Raw Journolist emails on ‘Palin’s Downs child’

Harold Pollack
Aug 30, 2008, 2:09pm

I admit–the flight story is weird at best.I’ll take your $5 bet.

Maggie Mahar
Aug 30, 2008, 2:26pm

“so of course you should not got on a six-hour flight . .”

Come ‘on Mark. “Of course . . .should not”???

No one has right to tell a woman what she “should” or “shouldn’t” do in this situation..

Why so judgmental?

If she downed a quart of Scotch while going into labor, you might have something to say.

Since you’ve never given birth you just aren’t in a position to realize that a woman who is in tune with her body has a pretty good sense of what’s going on , how much time she has, etc. It’s the father that is always in a panic–we have to get to the hosptial .!!! . Especially after you’ve had one child, you’re really not in a rush to get to a hospital.

And I would feel much, much safer on a plane that in a hospital I don’t know, alone, without a patient advocate. (Hospitals are dangerous places.) \ See my response to Laurne.

Finally, Downs Babies generally do not need special (pediatric ICU) care after delivery. . .

Laura Rozen
Aug 30, 2008, 2:28pm

seriously, if her water broke and the baby was what two months premature, it doesn’t seem normal to have not gone straight to the nearest hospital.

again, if the official story is true.

but that just doesn’t make any sense.

Mark Kleiman
Aug 30, 2008, 2:29pm

Assume for the moment that the switching story is true and that it reflects bad behavior on Palin’s part. On those assumptions, let’s talk about the act of revealing the deception.

* It might hurt Palin politically, which, on the assumption, she deserves.
* It would certainly hurt the actual mother, and the child. Neither of them deserves to be hurt.

Therefore, I claim, it would be wrong to reveal the deception even if the evidence were in hand.
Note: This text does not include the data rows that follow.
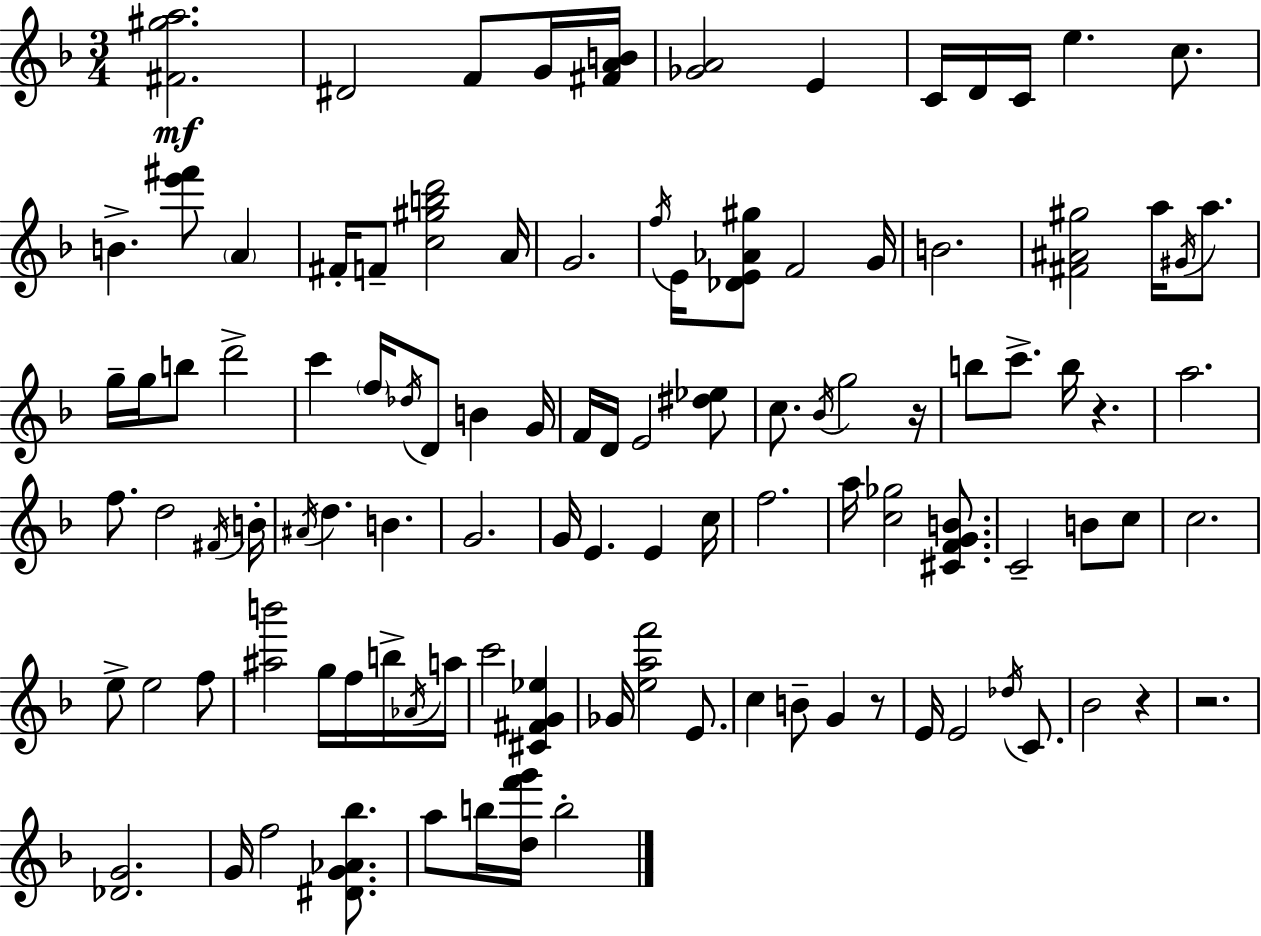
{
  \clef treble
  \numericTimeSignature
  \time 3/4
  \key d \minor
  <fis' gis'' a''>2.\mf | dis'2 f'8 g'16 <fis' a' b'>16 | <ges' a'>2 e'4 | c'16 d'16 c'16 e''4. c''8. | \break b'4.-> <e''' fis'''>8 \parenthesize a'4 | fis'16-. f'8-- <c'' gis'' b'' d'''>2 a'16 | g'2. | \acciaccatura { f''16 } e'16 <des' e' aes' gis''>8 f'2 | \break g'16 b'2. | <fis' ais' gis''>2 a''16 \acciaccatura { gis'16 } a''8. | g''16-- g''16 b''8 d'''2-> | c'''4 \parenthesize f''16 \acciaccatura { des''16 } d'8 b'4 | \break g'16 f'16 d'16 e'2 | <dis'' ees''>8 c''8. \acciaccatura { bes'16 } g''2 | r16 b''8 c'''8.-> b''16 r4. | a''2. | \break f''8. d''2 | \acciaccatura { fis'16 } b'16-. \acciaccatura { ais'16 } d''4. | b'4. g'2. | g'16 e'4. | \break e'4 c''16 f''2. | a''16 <c'' ges''>2 | <cis' f' g' b'>8. c'2-- | b'8 c''8 c''2. | \break e''8-> e''2 | f''8 <ais'' b'''>2 | g''16 f''16 b''16-> \acciaccatura { aes'16 } a''16 c'''2 | <cis' fis' g' ees''>4 ges'16 <e'' a'' f'''>2 | \break e'8. c''4 b'8-- | g'4 r8 e'16 e'2 | \acciaccatura { des''16 } c'8. bes'2 | r4 r2. | \break <des' g'>2. | g'16 f''2 | <dis' g' aes' bes''>8. a''8 b''16 <d'' f''' g'''>16 | b''2-. \bar "|."
}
Politically, this smells like a red herring and a trap, and I think that the revelation that someone was sniffing around about it would outrage large numbers of voters. Palin’s public life presents a target-rich environment for investigation.

So this story desperately needs a good leaving-alone.

Brad DeLong
Aug 30, 2008, 2:32pm

It’s a three-hour flight to Seattle. Two hours on the ground in the Seattle Airport. And then another three-hour flight to Anchorage. It’s your fifth baby. You know what happens after your water breaks, and you can be pretty sure that things won’t move so fast that you give birth in the plane over Idaho. And you can reevaluate the situation in Seattle.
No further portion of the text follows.